Hillary has focussed on Obama's experience. I like the direct responses he's given to this question, like this from the Philly debate:
Obama: The experience I have in politics is primarily legislative. But here's the experience that I think the next president needs. I think the next president has to be able to get people to work together to get things done, even when they disagree.
And I've done that. You know, when I was in Illinois, we brought police officers and civil rights advocates together to reform a death penalty system that had sent 13 innocent men to death row.
And we ended up passing it unanimously, even though originally people had said it couldn't be done.
You know, Dennis earlier was talking about the need to work on nonproliferation issues. I've worked with Dick Lugar, Republican spokesperson for the Senate Foreign Relations Committee, to focus on the next generation of nonproliferation efforts.
Now, that, I think, is critical experience.
I also think it is critical for the next president to be experienced to stand up to special interests. I'm glad Hillary is talking about it, but I'm the only person on this stage who has worked actively just last year passing, along with Russ Feingold, some of the toughest ethics reform since Watergate, making sure that lobbyists could not provide gifts and meals to congressmen, making sure that the bundling of moneys by lobbyists was disclosed.
And finally, I think we've got to have a president who has the experience of standing up, even when it's not easy, which is what I did in 2002 when i stood up against this war in Iraq 10 days before the authorization.
That is the kind of judgment that I'm displaying during this campaign when I go to Detroit and I say to the automakers that they need to raise fuel efficiency standards; not in front of some environmental group.
That kind of consistency and principled leadership, I think, is what is going to move us in the next direction. That's what I'll provide as president.
http://www.msnbc.msn.com/...
Obama answered the charge directly and strongly. He could not be perceived in any way as whining about it or playing the victim, perceptions that will not favor our eventual candidate no matter who it is.
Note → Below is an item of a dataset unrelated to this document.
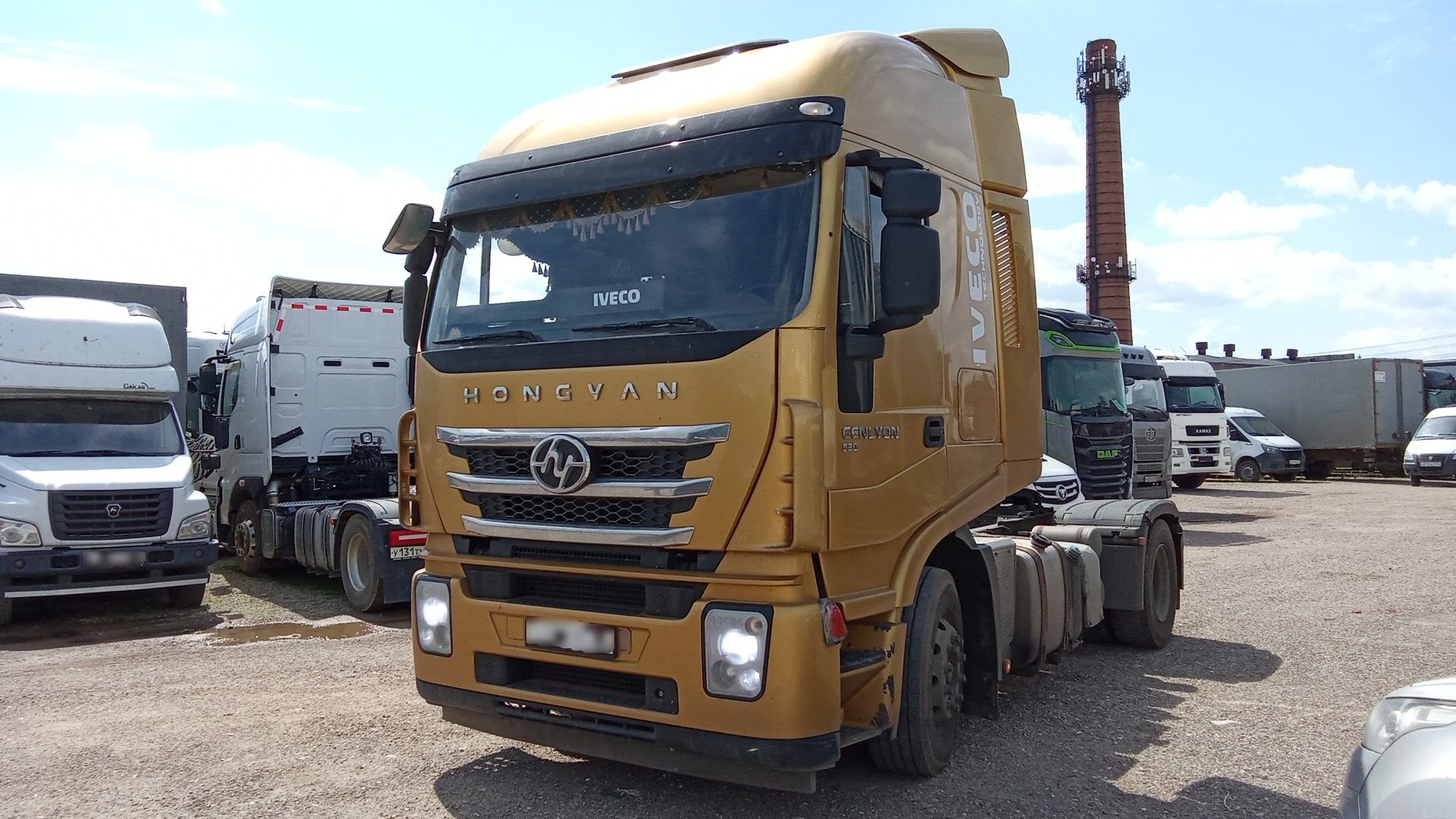 HONGYAN CQ* 4x2 Седельный тягач — Московская область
In contrast, Hillary has failed to give direct answers to her critics. I will point to just one instance though others can add more examples in the comments to support the contention. The instance I want to point to relates to the overarching narrative of the campaign. Hillary has tried to frame Obama as too inexperienced for the job. As we have seen, Obama directly answers the charge by citing the fact that he actually has really strong experience in many ways.
However, there's another over-arching argument that is being made here between the clashing campaign themes of experience and judgment. Obama has made the point that experience is not an end-in-itself, not something that is intrinsically good or good for its own sake. The point is driven home by pointing to all the experience of folks like Rumsfeld and Cheney. Here is, indeed, what Wes Clark himself said of that experienced team back in 2001 as a speaker for the Pulaski County Republican Party in Arkansas:
If you look around the world, there's a lot of work to be done. And I'm very glad we've got the great team in office, men like Colin Powell, Don Rumsfeld, Dick Cheney, Condoleezza Rice, Paul O'Neill - people I know very well - our president George W. Bush. We need them there, because we've got some tough challenges ahead in Europe.
http://www.factcheck.org/...
A lot of good all that experience did us. It's true that experience can sometimes be good as a means. It can be a means to accomplishment. Note that Obama's response to the charge of inexperience includes specific references to his legislative achievements, highlighting especially his track record of achieving reforms that make our government more open, more ethical, more accountable, and more democratic. Continuing those reforms in the Obama presidency will lay the groundwork for a sustained progressive mandate. Experience can also be a means to good judgment. Obama has pointed out that he among the leading candidates alone had good judgment in foresight on Iraq. Other candidates have good judgment in hindsight. Hillary does not seem even to have that, refusing to admit that it was a mistake not to read the NIE, to vote for blank check authorization, and to vote against measures seeking to force more diplomacy.
So now the challenge is to Hillary. Can she say how her experience has yielded concrete achievments? Can she say how her experience informs her judgment? Or are we just going to have her surrogates whining about who started it?